Maybe we may have to reconsider its application and management,” he said. Nana Amoasi VII told Alfred Ocansey on 3FM Sunrise Morning Show that there are existing interventions to mitigate the impact of the rising cost of fuel on the economy but as to whether they work or not is the problem. He indicated that in the price build up, there is stabilization and recovery levy and we also have Tema Oil Refinery (TOR) that can manage both supply and price risk to some extent.
“Unfortunately the Price Recovery Levy over the years has not been able to stabilize fuel prices for Ghana and we have not even attempted to go into the Stabilization Fund to cushion consumers in terms of subsidies” Nana expressed He advised that if the government wants to divert the Stabilization and Recovery Levy Fund for purposes of keeping strategic fuel stock may be we can use it to fund that arrangement and ensure we have the right Oil and Gas Traders on the Bulk Oil Storage and Transportation Company Limited (BOST) desk the exposure effectively.
In addition, if we increase the quantity of crude refined at TOR and manage the economy well and restructure the refinery, they could help bring some relief to consumers.

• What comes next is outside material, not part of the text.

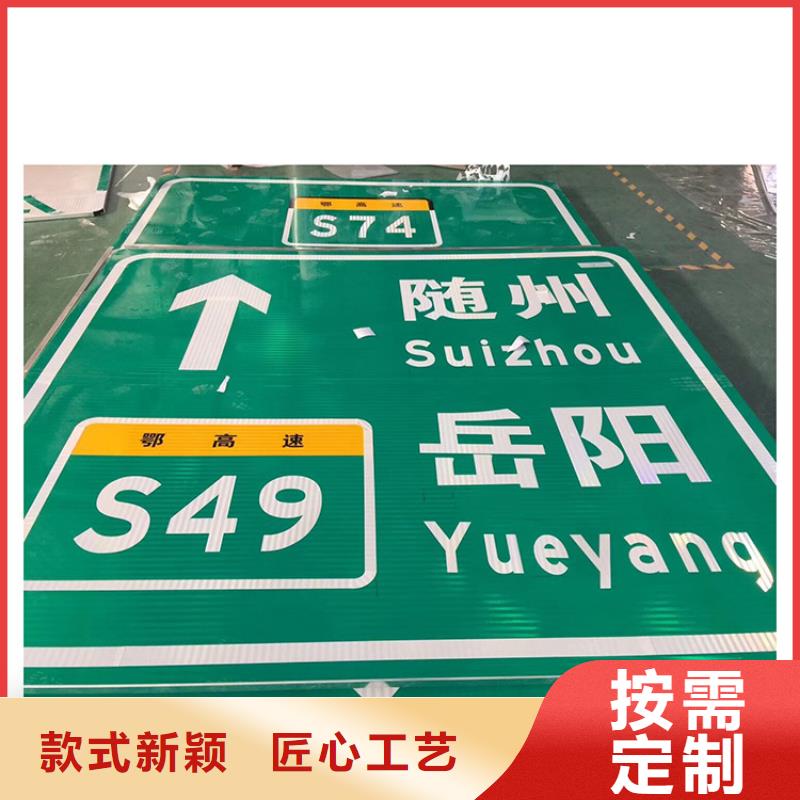 公路标志牌量大从优当地生产商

Nana Amoasi VII further stressed that if other countries that are equally facing the challenges imposed by COVID and the Russia Ukraine war like Kenya, South Africa and Egypt have been able to manage their fuel prices through subsidies, interventions and good management of their own forex then Ghana can do same
According to the projection by the Institute of Energy Security, a gallon of petrol may sell at GHS 45 whereas diesel may go for GHS 54 plus, thus; GHS 10 per liter and GHS 12 plus per liter for petrol and diesel respectively. The prediction is based on an accumulation of several fundamental and technical factors including international reports, pricing history and pattern. Price of gasoline on the international market went up by 11% over the last week.
Unfortunately, we have to convert the cedi to dollars in order to procure the fuel from the world market and the cedi also declined in value to the dollar. He noted that the price of international gas oil and LPG went down by 5% but because of the decline in the value of the cedi that Ghana should have fizzled out especially for those oil companies that could not procure the dollar at the Bank of Ghana rate. However there will be some stability with diesel but LPG and petrol will have a negative impact of the 11% rise on the world market.